La « théâtralisation » de la revue de presse répond à une logique programmatique. C’est une adaptation intelligente à l’audience, sans participer à la crétinisation de la société. Hélas les réseaux sociaux s’en chargent.
Dans le fond, cette façon de livrer les news facilite l’accès à l’information à la majorité des sénégalais, qui ne lisent pas les quarante-neuf quotidiens, qui paraissent chaque jour dans notre pays.
Les puristes, intellectuels et autres élites comme le président Macky Sall peuvent ne pas aimer la revue de presse, parce qu’ils ne sont tout simplement pas la cible. Ce n’est pas pour rien que la revue de presse bourdonne dans les marchés à toutes les heures de diffusion. Le secteur informel s’informe principalement avec la revue de presse.
Et, cette donne est à corréler avec le taux d’analphabétisme au Sénégal. Plus de 54, % des sénégalais ne savent ni lire, ni écrire le français, langue avec laquelle les journaux sont édités. Pour autant, ces illettrés ont droit à l’information au même titre que l’intelligentsia. En indexant ce genre journalistique, le président de la République fait surtout référence à la version wolof. Cette mise en forme de la livraison de l’information répond à trois questions fondamentales en journalisme : D’où est ce qu’on parle ? À qui on s’adresse ? Comment rendre l’info digeste ? Parce que informer comme gouverner, c’est connaitre son peuple, le public en l’occurrence. La question est un cas d’école. Un vaste champ d’apprentissage pour les formateurs. Ne jetons pas le bébé et l’eau du bain, tout n’est pas mauvais dans cette façon de faire tant que le « revueur de presse » n’invente pas des faits ou ne travestit pas des propos.

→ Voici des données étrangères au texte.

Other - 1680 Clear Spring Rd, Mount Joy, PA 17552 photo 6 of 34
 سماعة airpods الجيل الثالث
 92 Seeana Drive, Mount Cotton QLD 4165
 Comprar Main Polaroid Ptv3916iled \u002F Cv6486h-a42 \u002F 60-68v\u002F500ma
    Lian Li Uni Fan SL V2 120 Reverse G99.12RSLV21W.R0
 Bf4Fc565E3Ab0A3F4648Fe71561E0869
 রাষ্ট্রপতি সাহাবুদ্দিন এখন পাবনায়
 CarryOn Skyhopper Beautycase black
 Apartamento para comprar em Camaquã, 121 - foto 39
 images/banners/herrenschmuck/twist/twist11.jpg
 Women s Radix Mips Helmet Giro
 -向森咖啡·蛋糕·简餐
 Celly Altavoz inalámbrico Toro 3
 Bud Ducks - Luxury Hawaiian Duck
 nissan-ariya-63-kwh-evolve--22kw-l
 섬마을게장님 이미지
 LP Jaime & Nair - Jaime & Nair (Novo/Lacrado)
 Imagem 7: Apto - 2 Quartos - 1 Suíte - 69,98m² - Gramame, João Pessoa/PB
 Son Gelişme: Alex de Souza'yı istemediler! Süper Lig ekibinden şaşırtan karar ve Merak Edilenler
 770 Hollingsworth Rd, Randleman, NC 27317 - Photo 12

Dans la forme, certains « revueurs » sont plus expressifs que d’autres, un peu plus mesurés disons. Mais, la « théâtralisation » ou l’adaptation intelligente à l’audience est une bonne chose, au nom de l’accès universel à l’information.
Cependant, la pratique, semble-t-il, n’est pas du gout du chef de l’état Macky Sall. À mon humble avis, le président de la République devrait plutôt être fier d’expliquer aux confrères francophones la pertinence de ce qu’il appelle « théâtralisation ». Cette sortie a frustré les journalistes qui l’ont fait savoir. Suite à son (libre) commentaire, Babacar Fall de la RFM a reçu une avalanche d’insultes et de menaces. Inacceptable. Nous lui témoignons notre soutien confraternel car la haine et la violence doivent être condamnées sans ambiguïté, d’où qu’elles viennent. Cela dit, ce désamour entre le président Macky Sall et la presse privée nationale est regrettable. Mais, comme les histoires d’amour, les deuxièmes mandats finissent mal en général.